Other than possible NULL columns - which shouldn't be used unless absolutely required by the application logic - there's no ambiguity here. I can clearly see what columns are in the table; and, I can clearly see what data-types are being stored in those columns. And, what's even better, the <cfqueryparam> tag is going to implicitly cast any "loose" ColdFusion values into strict values required by the database schema.

Relational databases are just a joy to work with. SQL is an automatic Oxytocin inducer.

Document databases, on the other hand, tend to provide a much smaller sense of security. It's extremely hard to look at a document database and understand what is actually in it. Data can evolve over time; and, there's no requirement that developers migrate existing document structures when new properties are added or old properties are removed. As such, it's up to the data-access layer to bridge that gap.

ASIDE: It does look like MongoDB now has some features around schema validation. But, looking at the documentation for it made my head hurt. I don't think it can even be compared so the simplicity of a relational table schema definition.

Unfortunately, most MongoDB data-access layers that I've consumed in my career tend to treat the data inputs as a black-box. Meaning, they accept a data-transfer object (DTO) and just store it in a MongoDB collection with only minimal validation, leaning on the calling context (the Service layer) to do the heavy-lifting.

This leads to all kinds of issues, not the least of which is when a numeric property is accidentally stored as a string and can no longer be found by the .find() method which is expecting a numeric input.

Ideally, a MongoDB data-access layer should provide all the same amenities that a relational database data-access layer provides. Meaning, I should be able to open up a data-access component and:

See exactly what properties live in a collection.
See exactly what data-types are required for those properties.
See that the data-access layer enforces those data-types.
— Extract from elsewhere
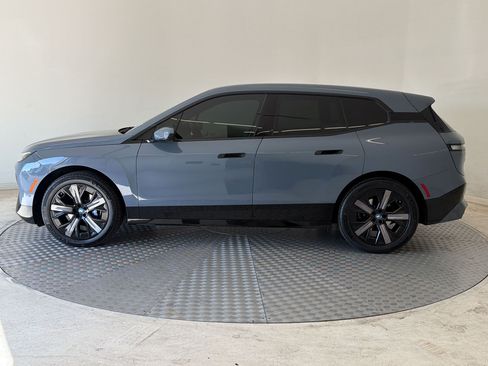 Used 2024 BMW iX xDrive50 w/ Premium Package AWD/4WD image 2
Essentially, a MongoDB data-access layer should take the flexible, schemaless power of a document database and wrap it in the predictable, intuitive, and self-documenting nature of a relational data-access layer.

Again, to be clear, I've never actually done this before. As such, what follows is just a thought experiment in how I might be able to make a MongoDB data-access layer as enjoyable to work with as a MySQL data-access layer. And, to explore this concept, I'm going to create a ContactGateway.cfc, which can create, read, and delete "Contact documents".

Each Contact document contains the following properties:

_id - ObjectID
name - String
email - String
isFavorite - Boolean
createdAt - DateTime
phoneNumbers - Array of Structs
- type - String
- number - String
- isPrimary - Boolean
tags - Array of Strings

Of course, these are the properties that the Contact document contains today. As is often the case with databases, the Contact document didn't always contain all of these properties - the Contact schema has evolved over time as the needs of the application have changed. As such, one job of the data-access layer is going to be to take the different raw documents and coerce them into a standard format.

Before we look at the data-access layer, let's just look at the calling context to see how it's going to be used:

<cfscript>

	contactGateway = new ContactGateway( new MongoClient() );

	// Create the new contact using the given data-transfer object (DTO). This operation
	// will return the primary key (_id) of the MongoDB object.
	// --
	// NOTE: In the following DTO, notice that I am using NON-STRICT VALUES for the
	// "createdAt", "isFavorite", and "isPrimary" properties (using a String
	// representation for Date and Boolean values, respectively). I am doing this in
	// order to demonstrate that the ContactGateway will cast those values explicitly to
	// the appropriate types that are expected by the underlying database.
	id = contactGateway.createContact({
		name: "Johnny Cab",
		email: "johnny.cab@totalrecall.movie",
		isFavorite: "TRUE",
		createdAt: "2020/10/27",
		phoneNumbers: [
			{ type: "work", number: "+1 (917) 555-1210", isPrimary: "YES" },
			{ type: "work", number: "+1 (917) 555-1211" }
		],
		tags: [ "Cab", "Taxi" ]
	});

	// Let's read the Contact record back out of the database to make sure it looks like
	// the data we provided.
	dump( contactGateway.getContactByID( id ) );

	// contactGateway.deleteContactByID( id );

</cfscript>

As you can see, we're creating a Contact record and then reading it back out. For the sake of the exploration, notice that I am providing some ColdFusion values as "loosely defined" data types:

isFavorite: "TRUE"
createdAt: "2020/10/27"
isPrimary: "YES"

As I stated earlier, ColdFusion is more than happy to cast simple data types back and forth as needed. As such, it's perfectly OK to use the Strings TRUE and YES to defined Boolean values. However, storing those "loose" values into MongoDB is going to cause you, and everyone you know, pain and heartache. As such, the data-access layer must ensure that these values are cast to the appropriate type on write.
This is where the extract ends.